The 2026 Pulp Factory Awards finalists have been announced, voted on by members of Pulp Factory, a professional association of pulp writers, artists, editors and publishers. Although most of the nominees fall under the pure fantasy/horror/sci-fi umbrella, the Best Pulp Novel category includes A Walking Shadow (Paradise Investigations Book 2) by Teel James Glenn (Author) and Lissanne Lake (Illustrator), a supernatural private investigator mystery; and finalists in the Best Anthology category include The Lost Adventures of Captain Hawklin Vol-3 (The Captain Hawklin Adventures); Mystery Men (& Women) Vol. 10; and Pulp Reality No. 5 – Stormgate Press. (Hat tip to Mike Glyer's File 270). Voting for the winners is open to the public and available via this link. The awards will be handed out at the traditional ceremony at the Windy City Pulp and Paperback Convention in Lombard, IL, March 27, 2026.
On February 13, from 6-7:30 PM, Kepler's Books in Menlo Park, California will present "It's a Mystery: Five Authors on the Perfect Whodunit." Five masters of mystery fiction—Cara Black, M.M. Chouinard, Carmela Dutra, Laurie R. King, and Gigi Pandian—will reveal their latest titles; where they get their inspiration; and how they decide which clues to divulge and which to keep hidden until you turn to the very last page. For ticket information, follow this link.
The next MWA University from Mystery Writers of America will be on Wednesday, February 18th, titled "Killer Love Letters." Join senior editor for Atlantic, Joe Brosnan, and literary manager Liza Fleissig as they share what makes them fall in love with a query letter. There is a fee for non-members of MWA, but the online discussion is free for members.
The Midwest Mystery Conference announced the author lineup for this year's event, to be held in Chicago on April 11. Previous speakers have included Sara Paretsky, Scott Turow, Gillian Flynn, Jeffery Deaver, Sophie Hannah, Rachel Howzell Hall, William Kent Krueger, S.A. Cosby, and more. (NOTE: I've recently updated the Conferences section in the right sidebar on this blog - linked here.)
For the more academically inclined, there are a couple of calls for papers with submission deadlines coming up soon.
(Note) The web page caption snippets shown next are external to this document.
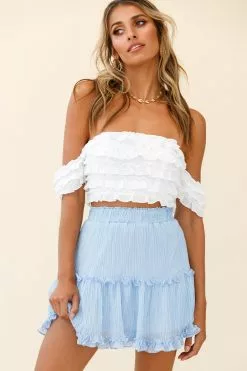 Selfie Leslie Alexi Mini Skirt Frill Trim Steel Blue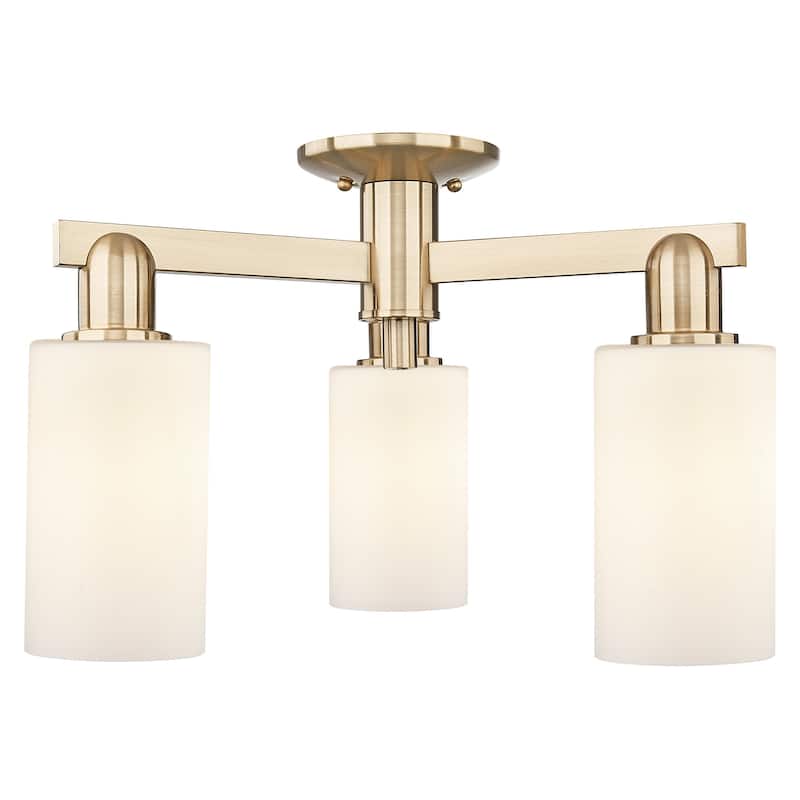 Innovations Lighting 716-3F-11-22 Clymer Semi-Flush Clymer 3 Light 22" - Champagne Bronze / Matte White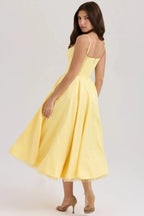 Damen Midikleid mit Korsett, Tüllrock und strukturiertem Oberteil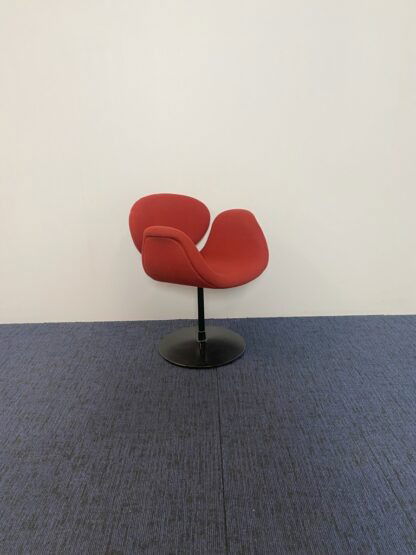 Vergaderstoel Artifort Little Tulip (design) - rode stoffering, zwart onderstel - Afbeelding 2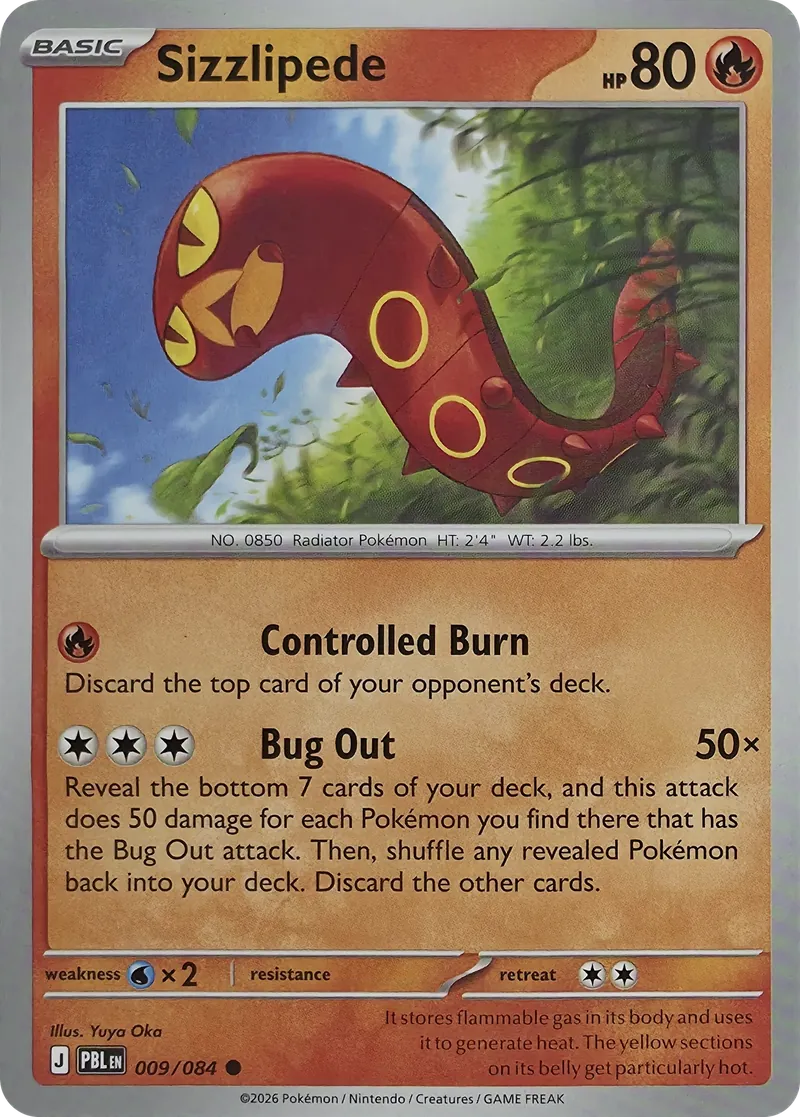 2026 Pokemon Pitch Black Sizzlipede #009/084 Common front
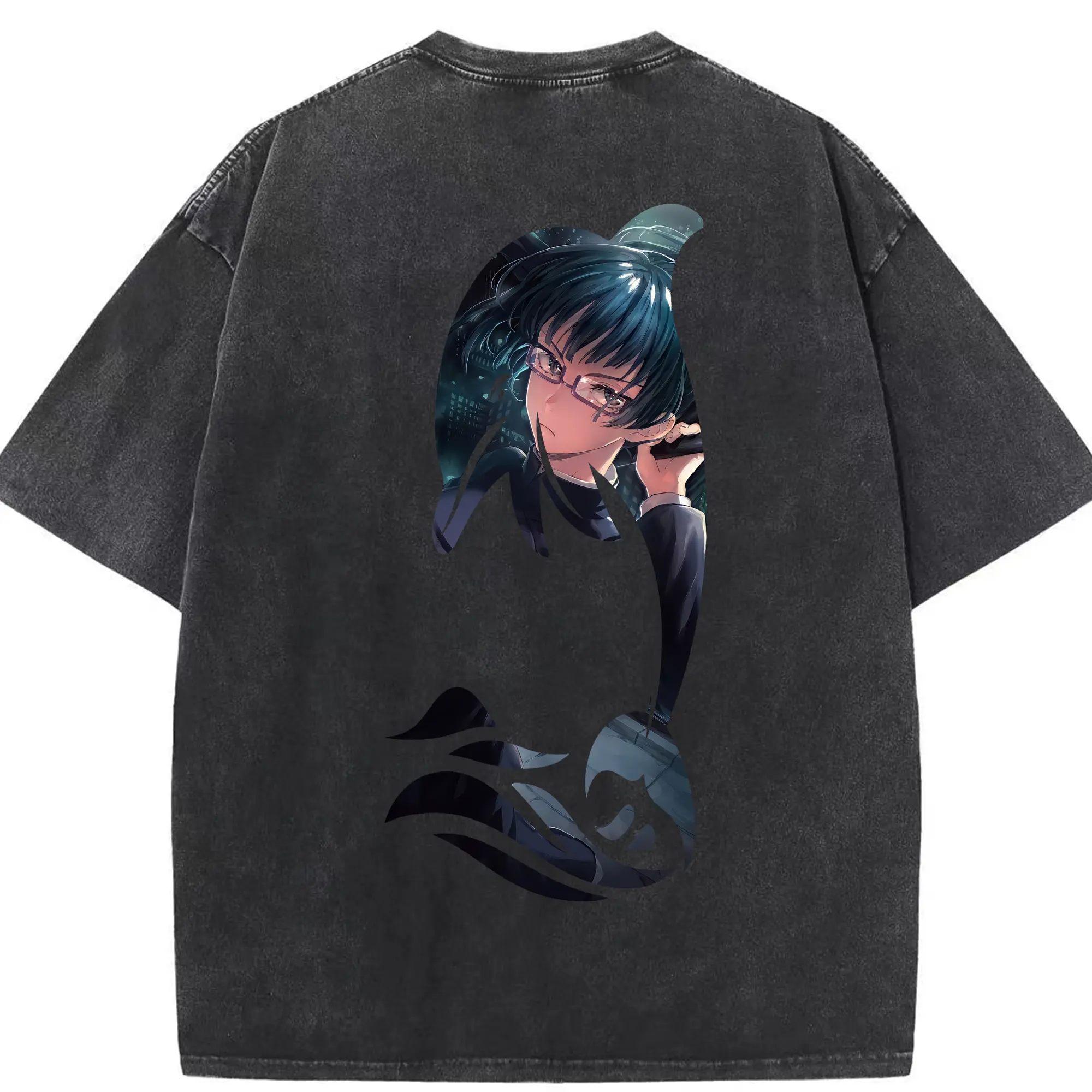 呪術廻戦 グッズ,禪院 真希 - 綿100％ ヴィンテージ風 半袖Tシャツ ・ 背面プリント ・ 柔らか肌触り ・ 通気性 快適 ・ スポーツ カジュアル 外出用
The National Conference 2026 to be held in April at SAGE University Indore, India, has a theme this year of "Towards 2050: Reimagining Crime and Criminal Justice System in the Era of AI & ML." Abstracts are due February 20th (and there are financial prizes for the top three papers). The 10th Workshop on the Economics of Organized Crime will take place at the University of Catania in Italy in May and is seeking theoretical and empirical studies on the topic, with abstracts due February 16th.
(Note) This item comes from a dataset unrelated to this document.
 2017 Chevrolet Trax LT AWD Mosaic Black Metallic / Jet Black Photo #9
Janet Rudolph posted a list of Olympic-themed mysteries on her Mystery Fanfare blog, including both summer and winter games.
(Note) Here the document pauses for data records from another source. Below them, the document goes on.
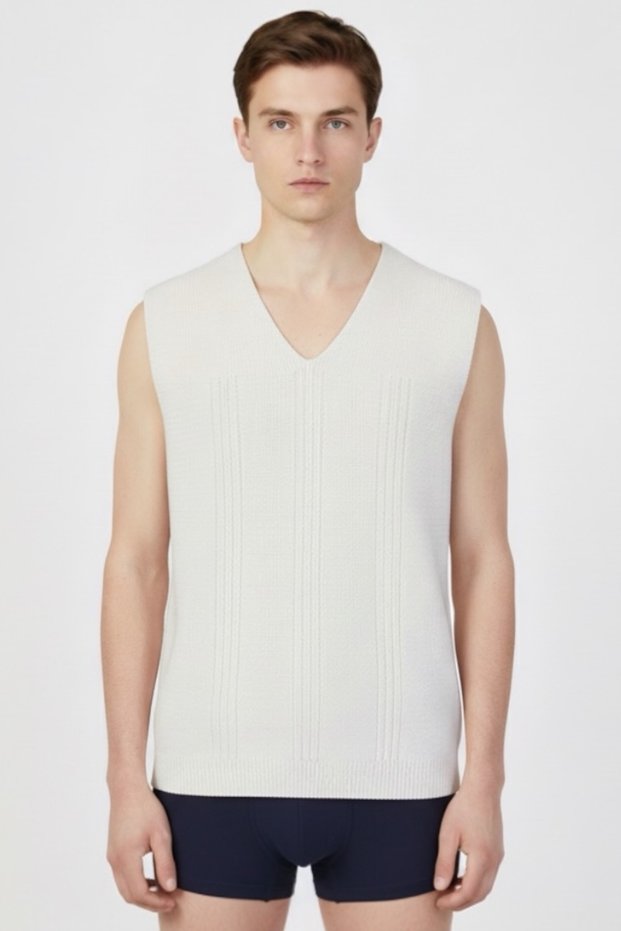 Knitted Thick Zero Sleeve V-Neck Winter Underwear Undershirt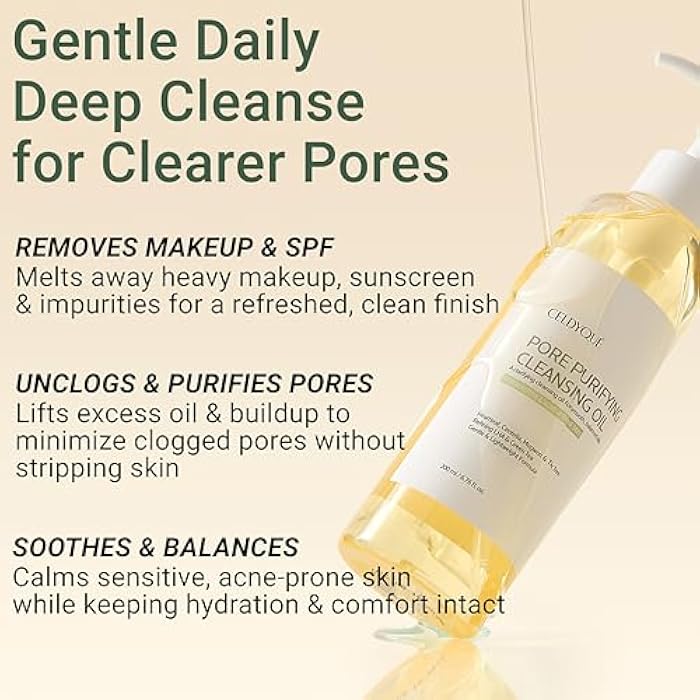CELDYQUE Pore Purifying Cleansing Oil – Korean Face Wash with Centella, Tea Tree, Green Tea & LHA – Gentle Makeup Remover for Sensitive, Acne-Prone Skin, Deep Pore Cleanser, 6.76 fl oz - Image 3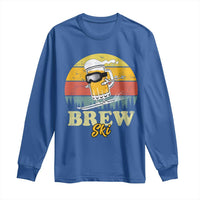 Brewski Skiing Beer Long Sleeve Shirt Funny Skiing Skier Ski Vacation Retro Sunset - Wonder Print Shop
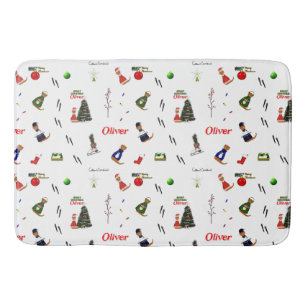 Oliver The Otter Christmas Random Pattern Bath Mat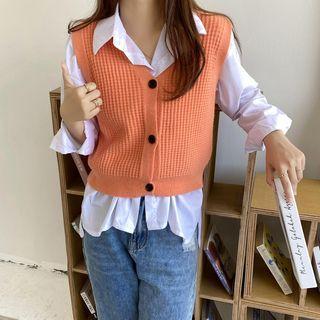 Single-breasted Sweater Vest / Shirt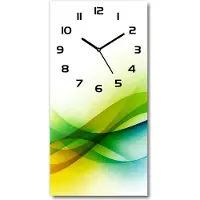 Tulup Wandklok - Golfabstractie Klok Glas Met Opdruk - 30x60 cm - Veelkleurig Moderne Wandklok Glas - Zwarte handen - Rechthoekige Klok - Decoratieve Glazen Klok - Glazen Wandklok Design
This week's crime poem up at the 5-2 Crime Poetry Weekly is "Say Her Name" (For Renée Nicole Good) by Jennifer Lagier.
In the Q&A roundup, Jeffrey Siger, a former Wall Street lawyer turned author of the Chief Inspector Andreas Kaldis series of mystery thrillers, applied the Page 69 Test to his new novel, A Study in Secrets; and Author Interviews chatted with Will Shindler, who spent years working for the BBC as a broadcast journalist and on various dramas as a writer and script editor, about his critically acclaimed DI Alex Finn novels and his latest book, The Bone Queen.